The Bare Minimum

82% of adults aged 20 to 35 say cereal doesn't fit into their current routine, and most of the ones who still eat it are having it as a late-night dessert.
The Bare Minimum is built around a single buyer: a 27-year-old who eats cereal at midnight, is wellness-adjacent without being wellness-obsessed, and gets turned off by both hyper-functional packaging and "better for you" framing.
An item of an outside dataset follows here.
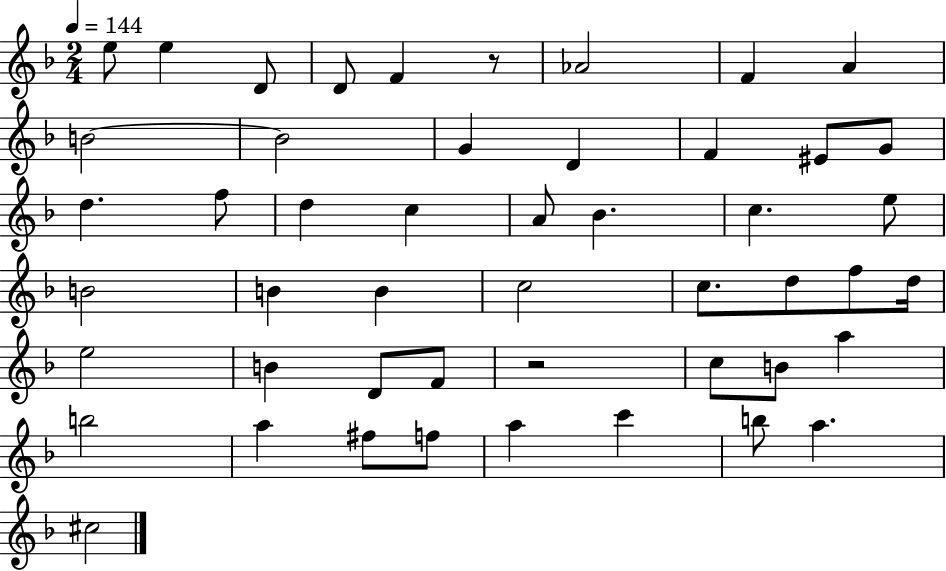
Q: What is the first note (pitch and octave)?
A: E5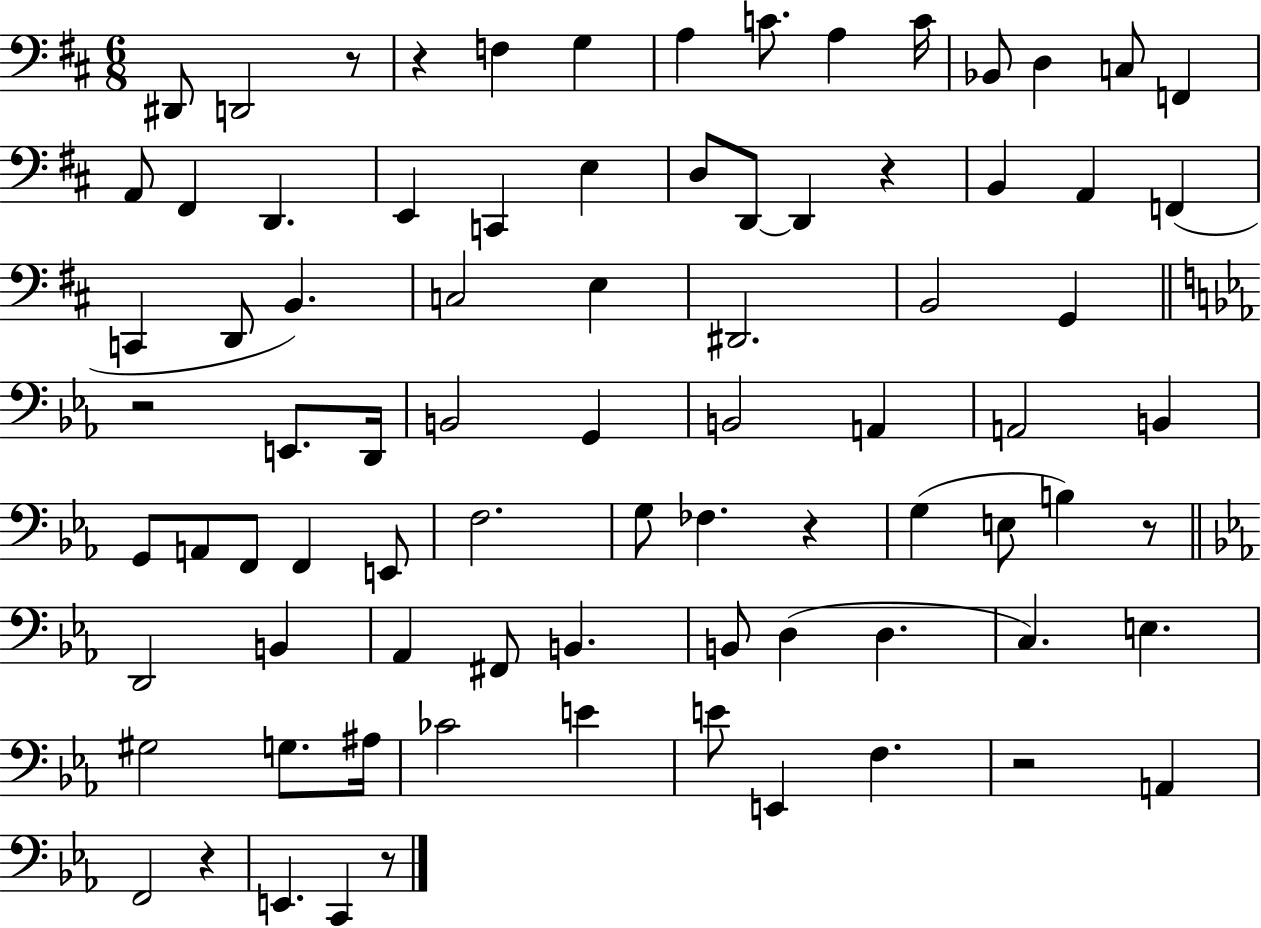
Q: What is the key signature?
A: D major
The brands available to her hadn't been updated in a decade and were still being marketed to families with kids.
The line has four flavors, each named after a mood state:
- After Hours: Cereal, for when the craving hits at 11:47 PM.
- Not Today: Cereal, for hangovers (emotional and physical).
- Almost Ready: Cereal, because mornings are a scam.
- Oof: Cereal, for the "don't talk to me" days.
I designed the brand system end-to-end: positioning, naming, typography, color palette, packaging, and a social system designed to scroll-stop on Instagram and TikTok. The packaging is 1-pint single-serve cups and a giftable 4-pack tray, built for shelf placement at retailers like Erewhon, Foxtrot, and Pop-Up Grocer, with the side copy "Add milk. Or don't." The tone across all of it is soft chaos meets snack therapy.
Cereal, because mornings are a scam.